Cliffs of moher walkStroll along the winding coastal walkway
Marcela Guimaraes

In need of stretching my legs, and with around 90 minutes to explore, I decided to face my vertiginous fear and head to O’Brien’s Tower (where for €2 you can climb up to the top and get a higher view), and on to the highest point of the cliff. Walking along the coastal edge of the cliff, I felt as though I was walking on top of the world.

Now, as I sit on the edge, all I can see is miles of blue ocean before me. I spread my arms out wide and take in the ocean breeze – living in a city you sometimes forget what fresh air actually smells like. The experience leaves me elated, knowing I can conquer my trepidation to experience one of the most beautiful views I’ve ever seen.

Obrien towerO'Brien's Tower, the highest point at the Cliffs of Moher
Marcela Guimaraes

Ideal for…

Anyone wanting a trip from Dublin to Ireland’s alluring west coast to see all the famed sights in one day. Not ideal for children, as it’s a long trip.

Worth the price?

Return tickets from Dublin cost €45, including admission to the cliffs (€40 students and seniors). But you can also choose a one-way ticket for €35 and stay in Galway. The variety and number of sights make the tour good value for money and the guides are informative.

Room for improvement:

The majority of the 14-hour trip was spent on the bus, so it could be a little monotonous at times.
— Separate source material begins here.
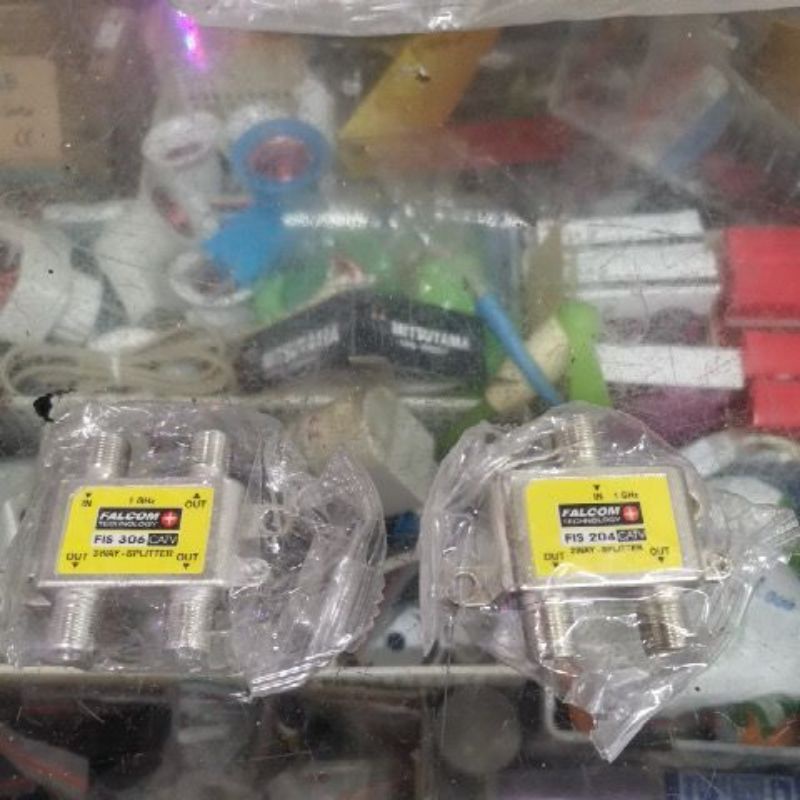 Splitter 2 Way 3 way falcom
A lot of sights were passed while on the bus, so depending on which side you were sitting on, you could miss out – it would have been nice to have got off the bus to see more sights in person. Lunch is not included in the price.


It’s a long day trip and there is only one lunch break, so bring lots of snacks. Be sure to stay alert and look out for the sights out of the window. If you have more time, choose the overnight tour (€75), where you have two days of touring with accommodation at a hostel included.




Starting point: Pick up is at the Discover Ireland Centre on Suffolk Street.
Times: Departs Dublin at 7am and returns at 9pm.
Price: Return tickets: €45 for adults, €40 for students and seniors.